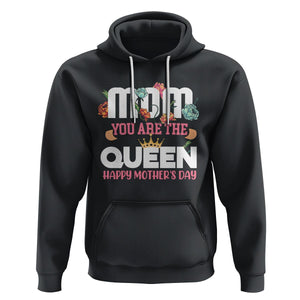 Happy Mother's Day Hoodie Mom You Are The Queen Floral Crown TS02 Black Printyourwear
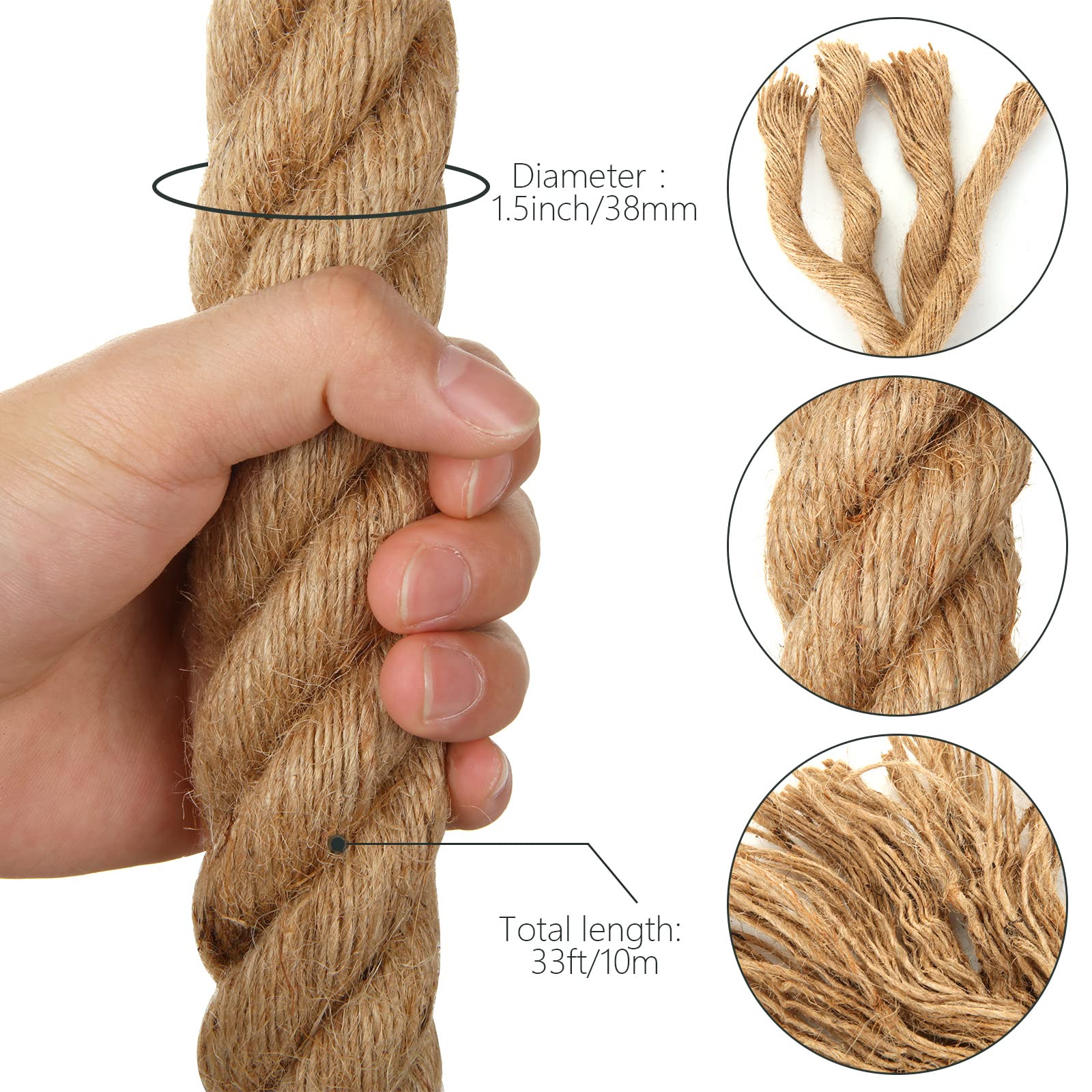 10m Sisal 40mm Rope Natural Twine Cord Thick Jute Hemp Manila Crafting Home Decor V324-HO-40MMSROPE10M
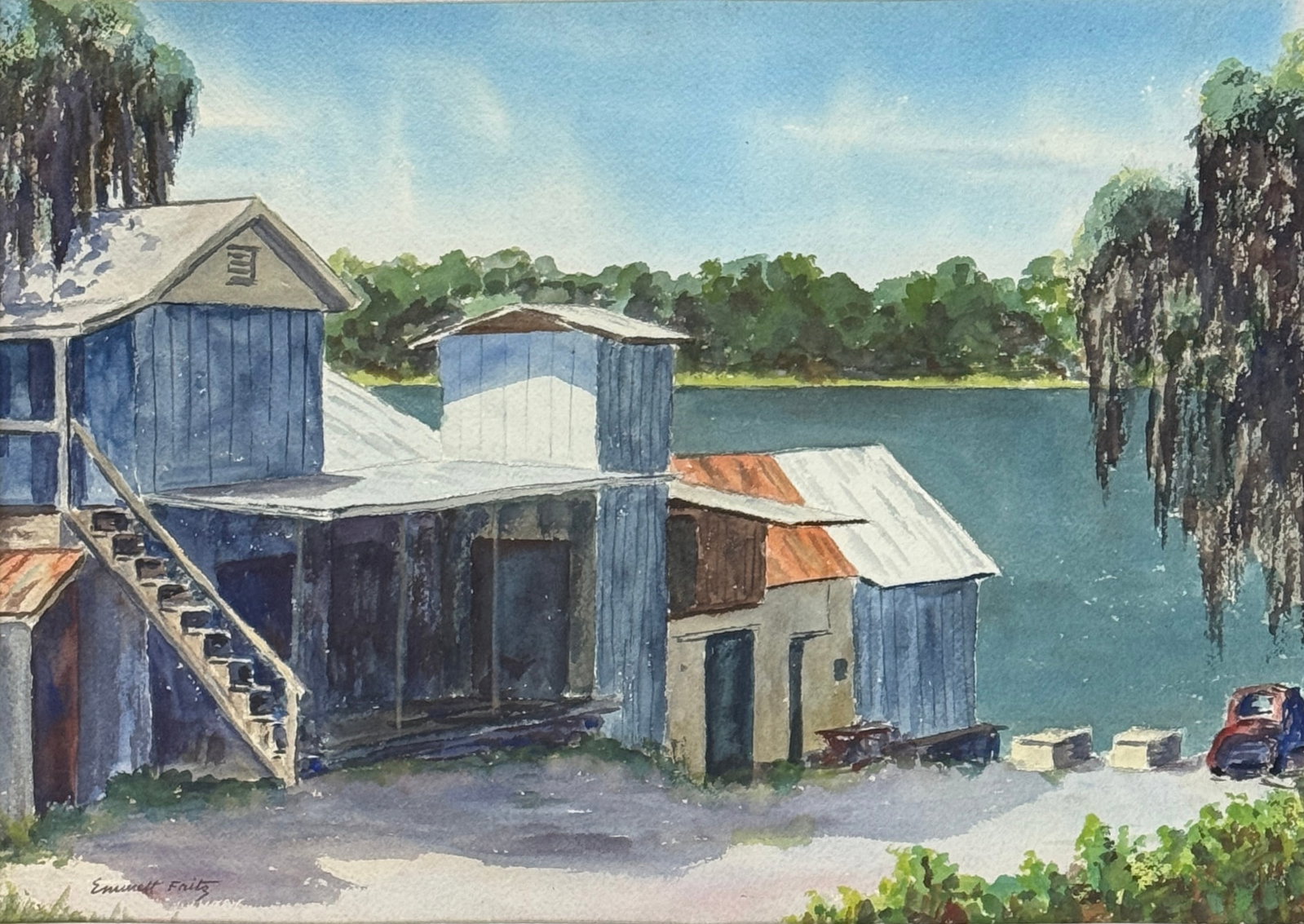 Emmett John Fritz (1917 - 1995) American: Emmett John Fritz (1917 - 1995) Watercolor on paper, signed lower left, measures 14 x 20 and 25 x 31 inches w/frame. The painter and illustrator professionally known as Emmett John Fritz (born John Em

---

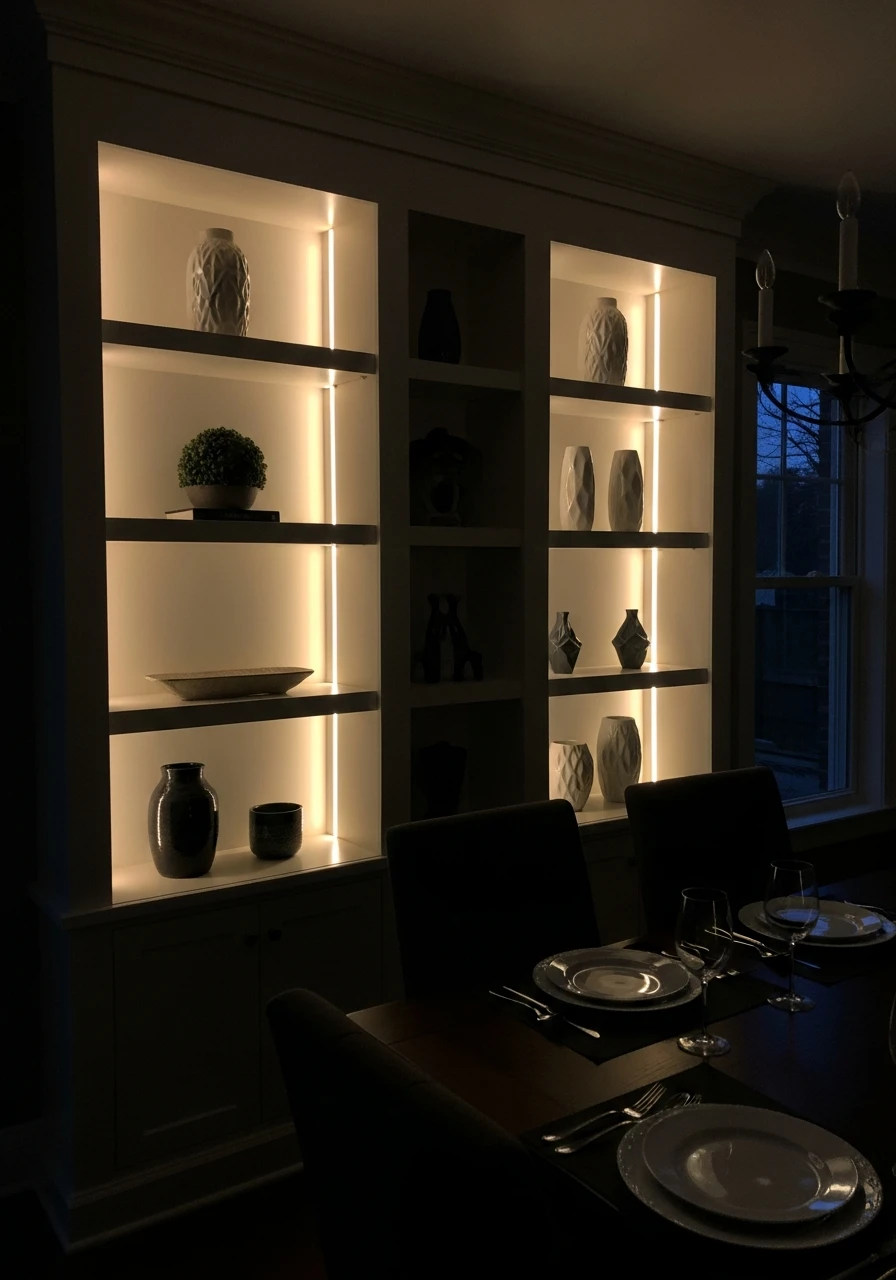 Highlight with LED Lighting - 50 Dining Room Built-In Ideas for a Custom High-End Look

--

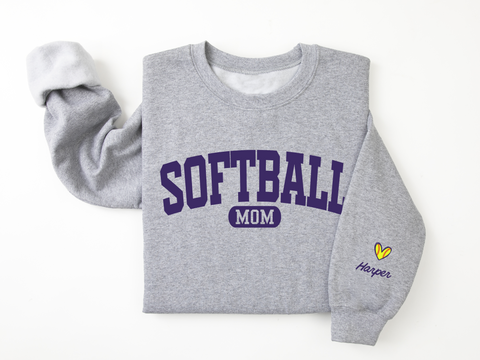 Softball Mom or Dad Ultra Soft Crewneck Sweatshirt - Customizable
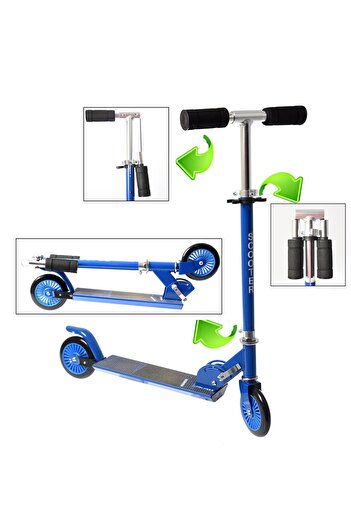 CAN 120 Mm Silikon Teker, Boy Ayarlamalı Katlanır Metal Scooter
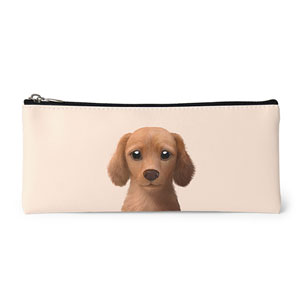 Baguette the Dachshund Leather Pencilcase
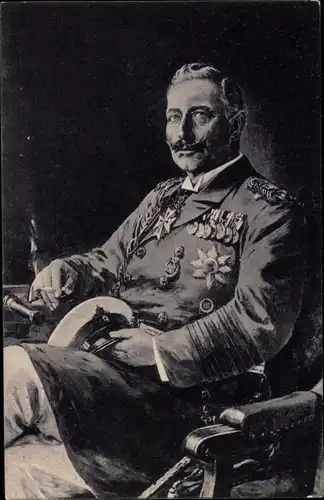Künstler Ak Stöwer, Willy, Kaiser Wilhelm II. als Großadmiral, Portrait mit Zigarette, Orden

• _DESCRIPTION OF THE TASK_
Copy needed, without pictures: the lines of the listing above from the line containing "Softball Mom or" up to and including the line containing "Künstler Ak Stöwer, Willy, Kaiser", set down exactly.

• _EXERCISE RESPONSE_
 Softball Mom or Dad Ultra Soft Crewneck Sweatshirt - Customizable
 CAN 120 Mm Silikon Teker, Boy Ayarlamalı Katlanır Metal Scooter
 Baguette the Dachshund Leather Pencilcase
Künstler Ak Stöwer, Willy, Kaiser Wilhelm II. als Großadmiral, Portrait mit Zigarette, Orden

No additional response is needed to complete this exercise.